ThermoRawFileParser icon indicating copy to clipboard operation
ThermoRawFileParser copied to clipboard

Is it possible to extract pressure profiles as csv file in batch?

Open AnStaes opened this issue 2 years ago • 8 comments

Hi,

With the --allDetectors options I can get the pressure profile of a raw file into the mzML file, but what I need is actually a csv file with the pressure values per RT. Is it possible to extract this in batch?

Thank you!

AnStaes avatar Mar 07 '22 14:03 AnStaes

Hi @AnStaes, thank you for using ThermoRawFileParser. At the moment you can only process raw files into mzML in batch and extract pressure profile from them. A pressure trace is represented as a chromatogram, it is two arrays of 64bit-floats (zipped by default, but you can use -z to disable compression) in base64 encoding. The feature to extract this data to some plain text format can be added later.

caetera avatar Mar 07 '22 20:03 caetera

Hi again, you are welcome to use the python script (see the gist link below) that does the extraction of the pressure chromatograms from mzML file; it can be invoked with a list of mzML files Apart from standard libraries it depends on pandas (CSV output) and numpy (convert binary buffer to numeric array), and lxml (obviouisly). It is a bit sketchy, feel free to adapt for your needs if necessary.

https://gist.github.com/caetera/0921b33f0c6201a538436906cc965fff

caetera avatar Mar 08 '22 19:03 caetera

Hi @caetera - I am trying to use the gist you shared to do some processing of my own, but I am having trouble getting it to work.

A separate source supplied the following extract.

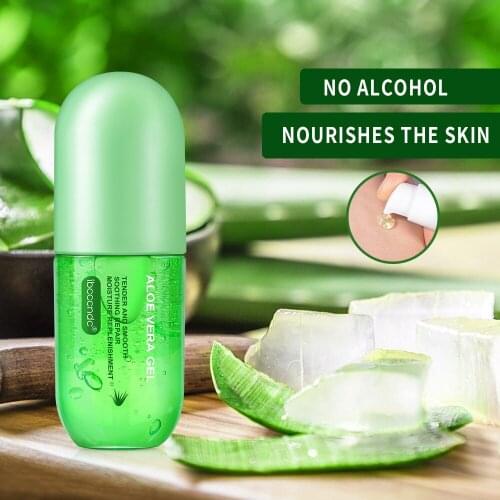 Natural Aloe Vera Gel Smooth Sun Repair Hydrating Whitening Cream Face Cream Acne Moist Acne Treatment Skin Care 50ml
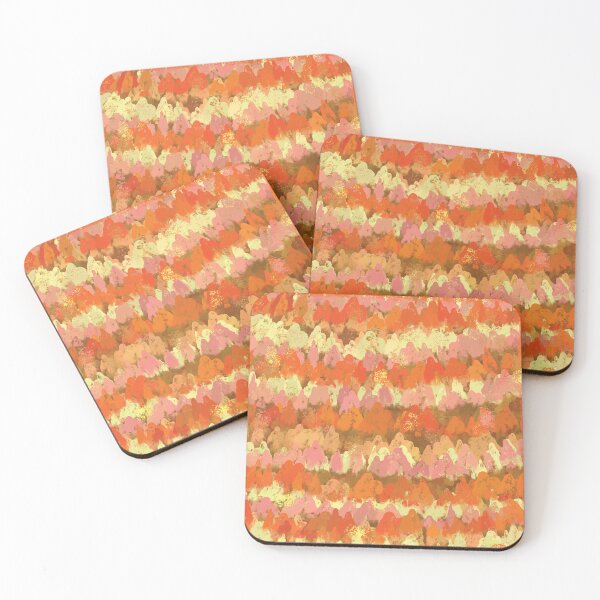 Item preview, Aesthetic Earth-tone Rustic Naturalistic Abstract Brushstroke Print Pattern designed and sold by PVTCreations.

If I use Freestyle I can extract the pressure curves from the samples, so I know this information must be in the raw files. My process has been to convert the files to .mzML using the either the GUI or the command line version. I specify 'All Detectors' option (or -a flag). The resulting .mzML data has binary64 arrays for my PDA data and for the MS scans themselves, but not for the pressure curves.

I have tried modifying line 19 to include other accession numbers (based on these but to no avail.

My setup is a QE with an Agilent 1290 LC stack. I have included a metadata file from the the sample I am testing if that is helpful.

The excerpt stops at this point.